What is the Beneficial Ownership Information (“BOI”) Reporting Rule?

The Financial Crimes Enforcement Network (“FinCEN”) recently implemented significant changes in beneficial ownership reporting, for the purpose of combating financial crimes. These regulations aim to enhance transparency by requiring companies to disclose the identities of their beneficial owners, defined as individuals who (i) directly or indirectly own 25% or more of the equity interests in a company or (ii) exercises substantial control over a reporting company.  Substantial control is broadly defined and can mean any senior officer, individual who can appoint or remove officers or directors, or be a decision-maker for the reporting company.  There can be many beneficial owners to a reporting company.   As of January 1, 2024, covered entities must submit detailed information, including names, addresses, and social security numbers or passport details of individuals meeting this threshold. This shift is expected to fortify the government’s ability to trace and prevent illicit financial activities, and to strengthen anti-money laundering (“AML”) measures. By ensuring a comprehensive understanding of who ultimately owns and controls legal entities, authorities can better assess and mitigate risks associated with financial transactions. This move aligns with international efforts to create a more transparent and accountable financial system.

However, these changes also raise concerns about privacy and data security.
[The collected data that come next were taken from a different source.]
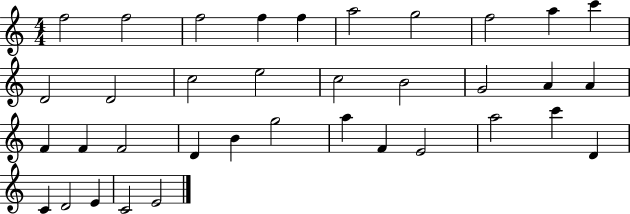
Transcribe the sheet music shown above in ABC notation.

X:1
T:Untitled
M:4/4
L:1/4
K:C
f2 f2 f2 f f a2 g2 f2 a c' D2 D2 c2 e2 c2 B2 G2 A A F F F2 D B g2 a F E2 a2 c' D C D2 E C2 E2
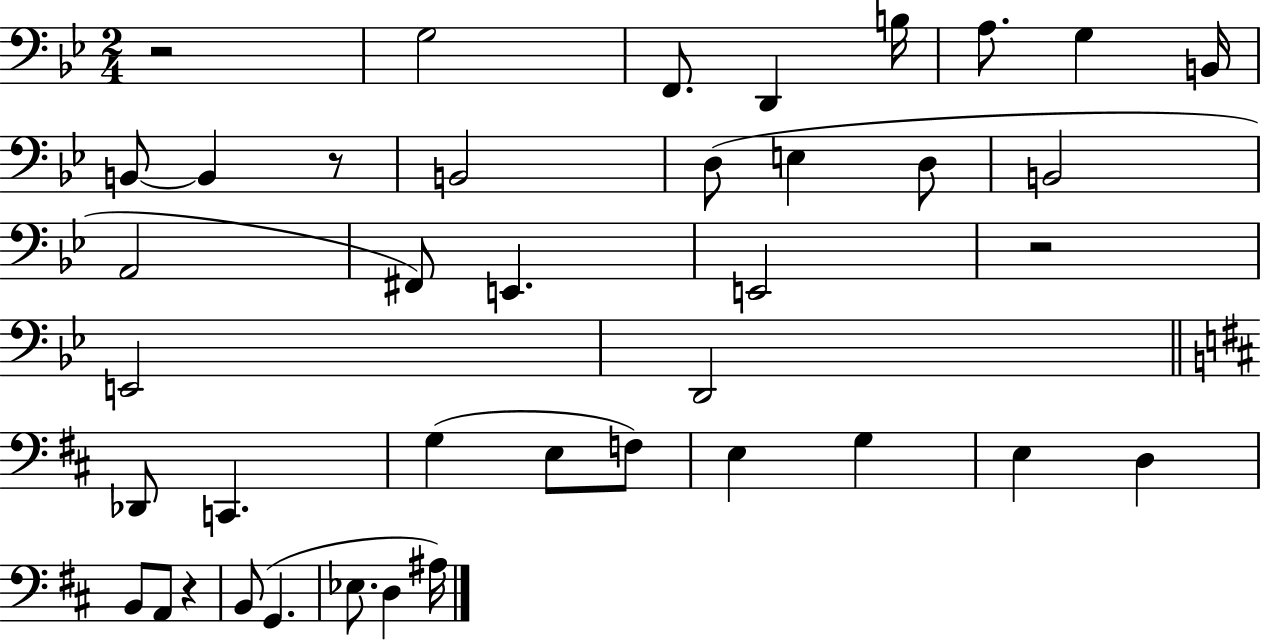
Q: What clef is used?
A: bass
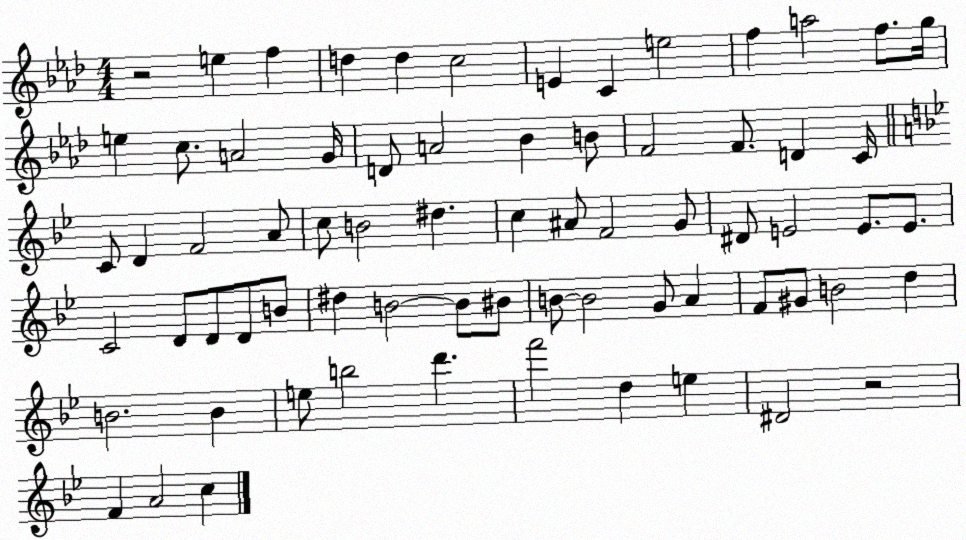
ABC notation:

X:1
T:Untitled
M:4/4
L:1/4
K:Ab
z2 e f d d c2 E C e2 f a2 f/2 g/4 e c/2 A2 G/4 D/2 A2 _B B/2 F2 F/2 D C/4 C/2 D F2 A/2 c/2 B2 ^d c ^A/2 F2 G/2 ^D/2 E2 E/2 E/2 C2 D/2 D/2 D/2 B/2 ^d B2 B/2 ^B/2 B/2 B2 G/2 A F/2 ^G/2 B2 d B2 B e/2 b2 d' f'2 d e ^D2 z2 F A2 c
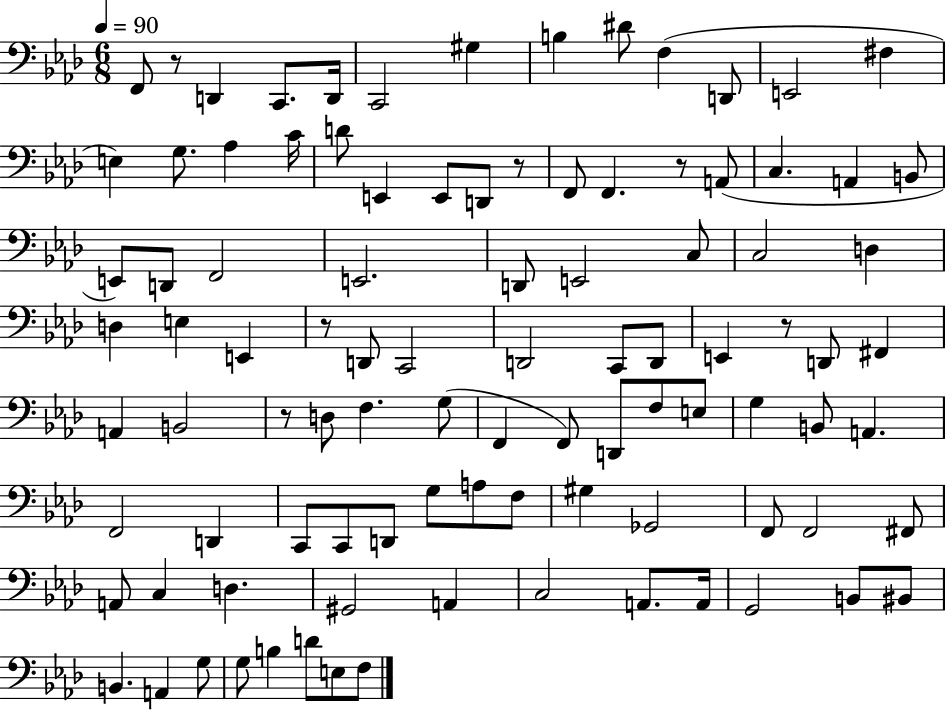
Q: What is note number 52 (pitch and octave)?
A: F2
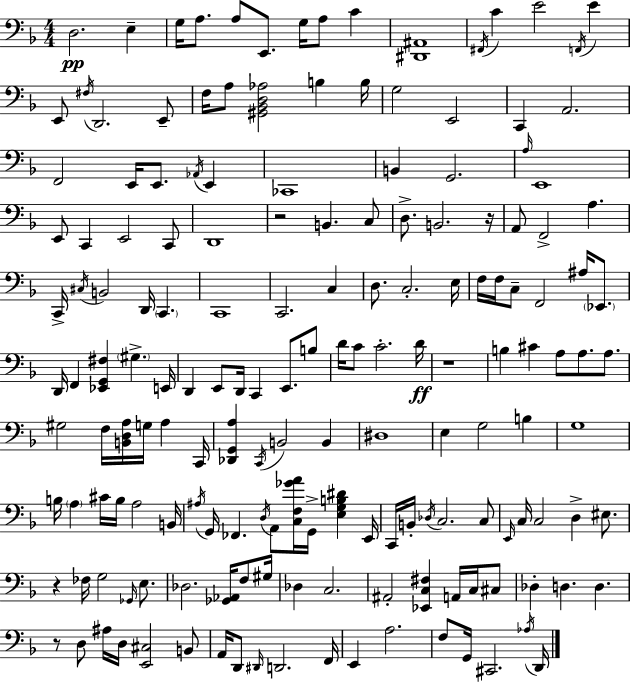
{
  \clef bass
  \numericTimeSignature
  \time 4/4
  \key f \major
  \repeat volta 2 { d2.\pp e4-- | g16 a8. a8 e,8. g16 a8 c'4 | <dis, ais,>1 | \acciaccatura { fis,16 } c'4 e'2 \acciaccatura { f,16 } e'4 | \break e,8 \acciaccatura { fis16 } d,2. | e,8-- f16 a8 <gis, bes, d aes>2 b4 | b16 g2 e,2 | c,4 a,2. | \break f,2 e,16 e,8. \acciaccatura { aes,16 } | e,4 ces,1 | b,4 g,2. | \grace { a16 } e,1 | \break e,8 c,4 e,2 | c,8 d,1 | r2 b,4. | c8 d8.-> b,2. | \break r16 a,8 f,2-> a4. | c,16-> \acciaccatura { cis16 } b,2 d,16 | \parenthesize c,4. c,1 | c,2. | \break c4 d8. c2.-. | e16 f16 f16 c8-- f,2 | ais16 \parenthesize ees,8. d,16 f,4 <ees, g, fis>4 \parenthesize gis4.-> | e,16 d,4 e,8 d,16 c,4 | \break e,8. b8 d'16 c'8 c'2.-. | d'16\ff r1 | b4 cis'4 a8 | a8. a8. gis2 f16 <b, d a>16 | \break g16 a4 c,16 <des, g, a>4 \acciaccatura { c,16 } b,2 | b,4 dis1 | e4 g2 | b4 g1 | \break b16 \parenthesize a4 cis'16 b16 a2 | b,16 \acciaccatura { ais16 } g,16 fes,4. \acciaccatura { d16 } | a,8 <c f ges' a'>16 g,16-> <e g b dis'>4 e,16 c,16 b,16-. \acciaccatura { des16 } c2. | c8 \grace { e,16 } c16 c2 | \break d4-> eis8. r4 fes16 | g2 \grace { ges,16 } e8. des2. | <ges, aes,>16 f8 gis16 des4 | c2. ais,2-. | \break <ees, c fis>4 a,16 c16 cis8 des4-. | d4. d4. r8 d8 | ais16 d16 <e, cis>2 b,8 a,16 d,8 \grace { dis,16 } | d,2. f,16 e,4 | \break a2. f8 g,16 | cis,2. \acciaccatura { aes16 } d,16 } \bar "|."
}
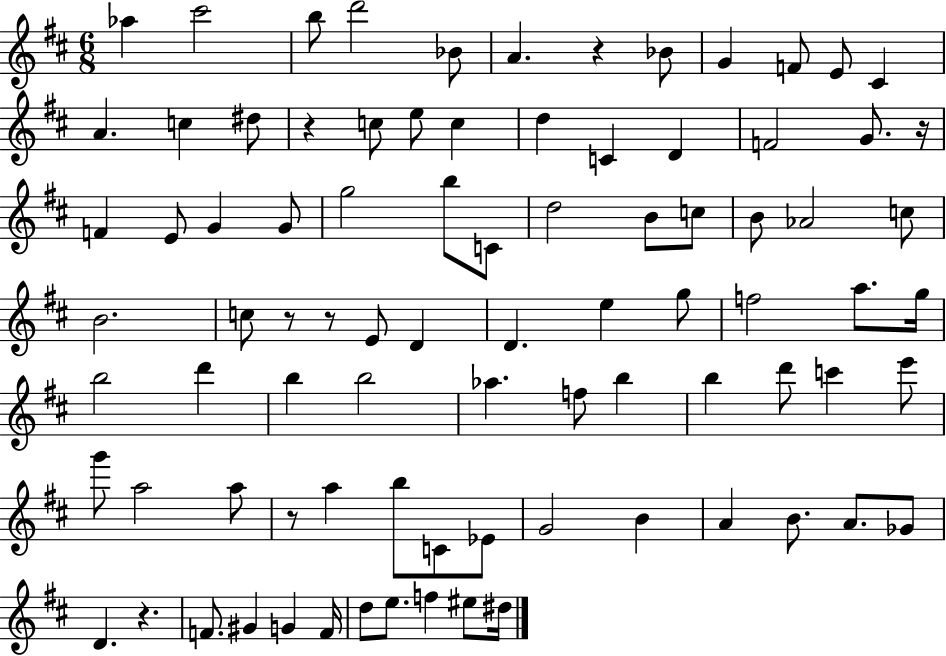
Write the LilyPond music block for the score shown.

{
  \clef treble
  \numericTimeSignature
  \time 6/8
  \key d \major
  aes''4 cis'''2 | b''8 d'''2 bes'8 | a'4. r4 bes'8 | g'4 f'8 e'8 cis'4 | \break a'4. c''4 dis''8 | r4 c''8 e''8 c''4 | d''4 c'4 d'4 | f'2 g'8. r16 | \break f'4 e'8 g'4 g'8 | g''2 b''8 c'8 | d''2 b'8 c''8 | b'8 aes'2 c''8 | \break b'2. | c''8 r8 r8 e'8 d'4 | d'4. e''4 g''8 | f''2 a''8. g''16 | \break b''2 d'''4 | b''4 b''2 | aes''4. f''8 b''4 | b''4 d'''8 c'''4 e'''8 | \break g'''8 a''2 a''8 | r8 a''4 b''8 c'8 ees'8 | g'2 b'4 | a'4 b'8. a'8. ges'8 | \break d'4. r4. | f'8. gis'4 g'4 f'16 | d''8 e''8. f''4 eis''8 dis''16 | \bar "|."
}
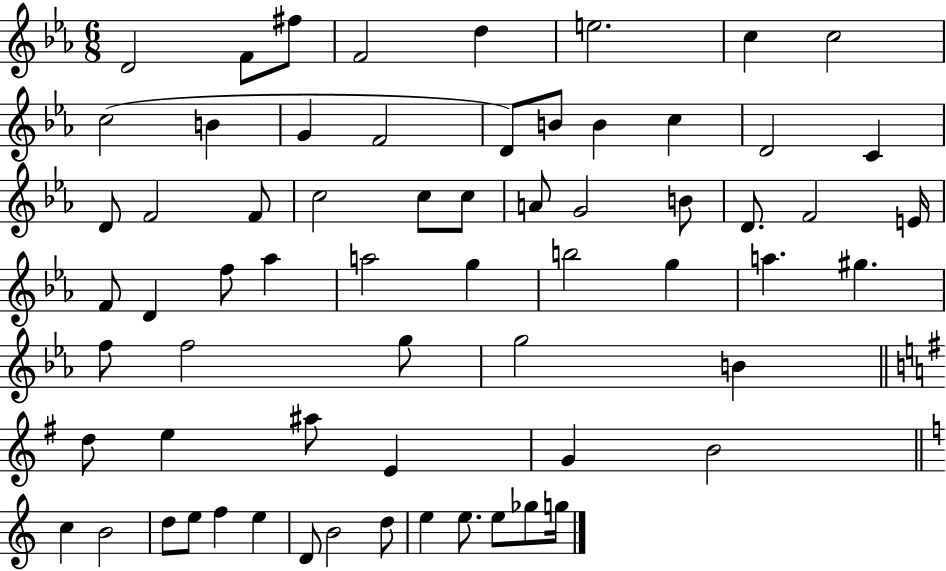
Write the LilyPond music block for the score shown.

{
  \clef treble
  \numericTimeSignature
  \time 6/8
  \key ees \major
  d'2 f'8 fis''8 | f'2 d''4 | e''2. | c''4 c''2 | \break c''2( b'4 | g'4 f'2 | d'8) b'8 b'4 c''4 | d'2 c'4 | \break d'8 f'2 f'8 | c''2 c''8 c''8 | a'8 g'2 b'8 | d'8. f'2 e'16 | \break f'8 d'4 f''8 aes''4 | a''2 g''4 | b''2 g''4 | a''4. gis''4. | \break f''8 f''2 g''8 | g''2 b'4 | \bar "||" \break \key g \major d''8 e''4 ais''8 e'4 | g'4 b'2 | \bar "||" \break \key c \major c''4 b'2 | d''8 e''8 f''4 e''4 | d'8 b'2 d''8 | e''4 e''8. e''8 ges''8 g''16 | \break \bar "|."
}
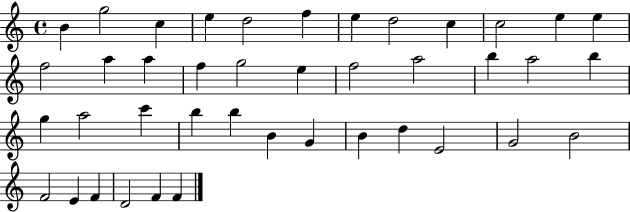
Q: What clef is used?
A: treble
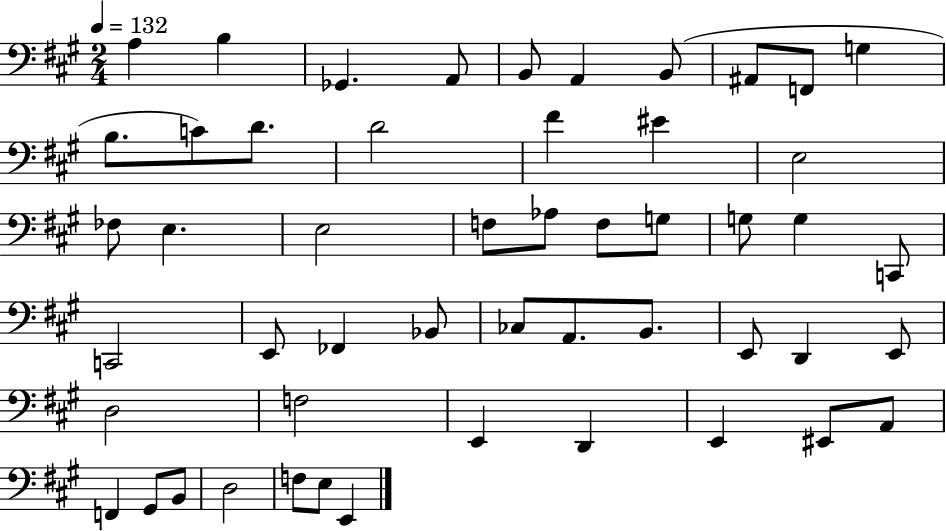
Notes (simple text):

A3/q B3/q Gb2/q. A2/e B2/e A2/q B2/e A#2/e F2/e G3/q B3/e. C4/e D4/e. D4/h F#4/q EIS4/q E3/h FES3/e E3/q. E3/h F3/e Ab3/e F3/e G3/e G3/e G3/q C2/e C2/h E2/e FES2/q Bb2/e CES3/e A2/e. B2/e. E2/e D2/q E2/e D3/h F3/h E2/q D2/q E2/q EIS2/e A2/e F2/q G#2/e B2/e D3/h F3/e E3/e E2/q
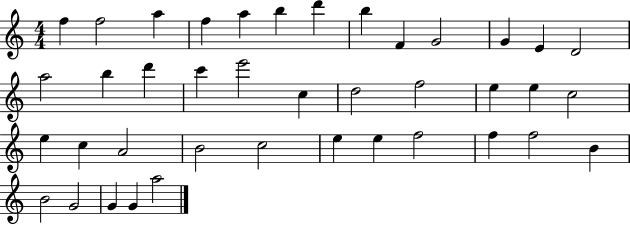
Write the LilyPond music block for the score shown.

{
  \clef treble
  \numericTimeSignature
  \time 4/4
  \key c \major
  f''4 f''2 a''4 | f''4 a''4 b''4 d'''4 | b''4 f'4 g'2 | g'4 e'4 d'2 | \break a''2 b''4 d'''4 | c'''4 e'''2 c''4 | d''2 f''2 | e''4 e''4 c''2 | \break e''4 c''4 a'2 | b'2 c''2 | e''4 e''4 f''2 | f''4 f''2 b'4 | \break b'2 g'2 | g'4 g'4 a''2 | \bar "|."
}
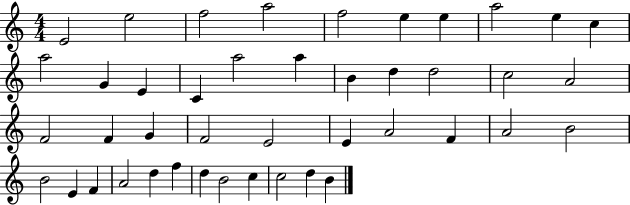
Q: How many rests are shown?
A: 0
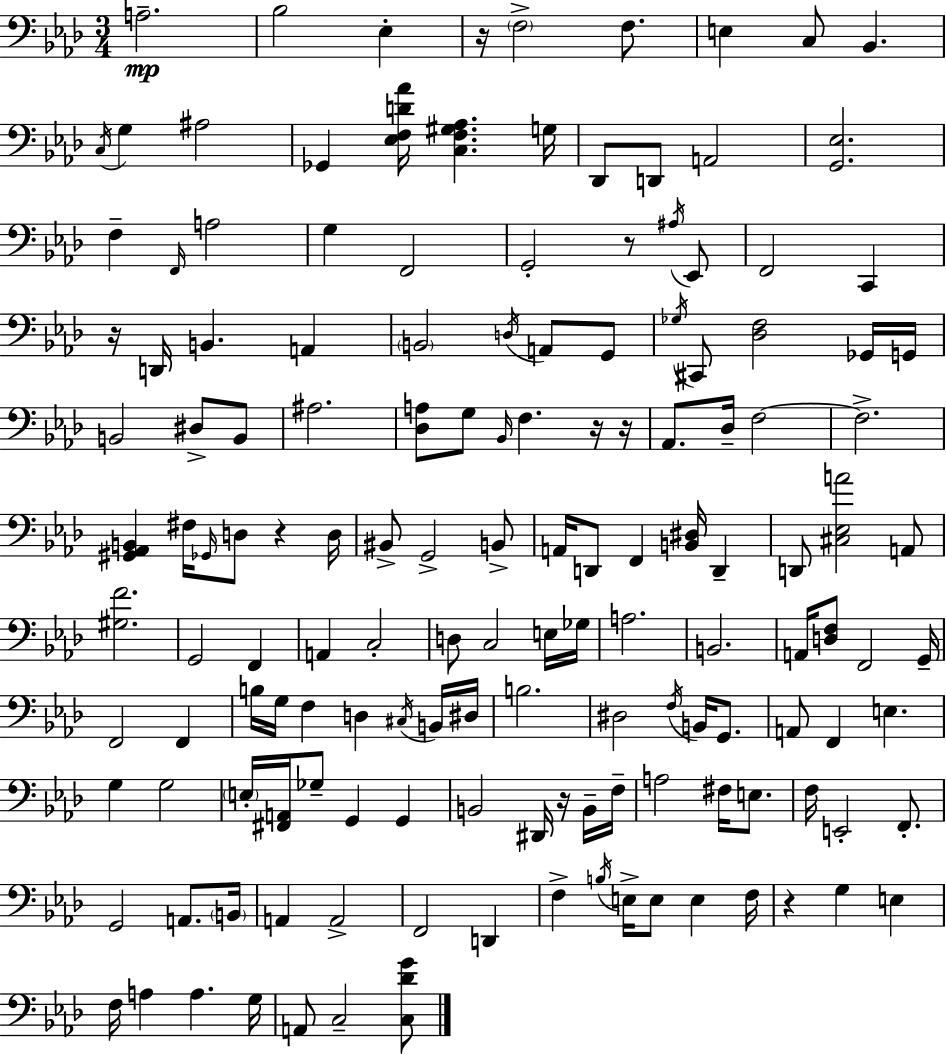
A3/h. Bb3/h Eb3/q R/s F3/h F3/e. E3/q C3/e Bb2/q. C3/s G3/q A#3/h Gb2/q [Eb3,F3,D4,Ab4]/s [C3,F3,G#3,Ab3]/q. G3/s Db2/e D2/e A2/h [G2,Eb3]/h. F3/q F2/s A3/h G3/q F2/h G2/h R/e A#3/s Eb2/e F2/h C2/q R/s D2/s B2/q. A2/q B2/h D3/s A2/e G2/e Gb3/s C#2/e [Db3,F3]/h Gb2/s G2/s B2/h D#3/e B2/e A#3/h. [Db3,A3]/e G3/e Bb2/s F3/q. R/s R/s Ab2/e. Db3/s F3/h F3/h. [G#2,Ab2,B2]/q F#3/s Gb2/s D3/e R/q D3/s BIS2/e G2/h B2/e A2/s D2/e F2/q [B2,D#3]/s D2/q D2/e [C#3,Eb3,A4]/h A2/e [G#3,F4]/h. G2/h F2/q A2/q C3/h D3/e C3/h E3/s Gb3/s A3/h. B2/h. A2/s [D3,F3]/e F2/h G2/s F2/h F2/q B3/s G3/s F3/q D3/q C#3/s B2/s D#3/s B3/h. D#3/h F3/s B2/s G2/e. A2/e F2/q E3/q. G3/q G3/h E3/s [F#2,A2]/s Gb3/e G2/q G2/q B2/h D#2/s R/s B2/s F3/s A3/h F#3/s E3/e. F3/s E2/h F2/e. G2/h A2/e. B2/s A2/q A2/h F2/h D2/q F3/q B3/s E3/s E3/e E3/q F3/s R/q G3/q E3/q F3/s A3/q A3/q. G3/s A2/e C3/h [C3,Db4,G4]/e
Critics argue that the extensive disclosure requirements may expose individuals to potential risks, especially in cases where personal information falls into the wrong hands. Striking the right balance between transparency and privacy remains a challenge, necessitating ongoing dialogue and adjustments to ensure that the regulations achieve their intended goals without unduly compromising individual rights.

Who has to comply with the new ownership changes?

The new changes apply to certain covered entities, specifically those defined as “reporting companies.” Reporting companies include corporations, limited liability companies (“LLC’s”), and similar legal entities formed under the laws of the United States, plus certain foreign entities registered to do business in the U.S. However, there are many exemptions to the “covered entity” definition. Whether an entity is exempt from the requirements should be evaluated each year.

To whom must “covered entities” report?

Covered entities are required to report this information directly to FinCEN, which is a bureau of the United States Department of the Treasury. This is in addition to any filings required by the Secretary of State or other jurisdiction governing the formation or active status of the entity. Covered entities in existence prior to January 1, 2024 have until January 1, 2025 to report to FinCen. New companies formed after January 1, 2024 but before January 1, 2025 have 90 calendar days after receiving notice that their registration is effective to file their initial BOI report.  Companies created after January 1, 2025 will have 30 days from the date of registration to file their initial BOI report.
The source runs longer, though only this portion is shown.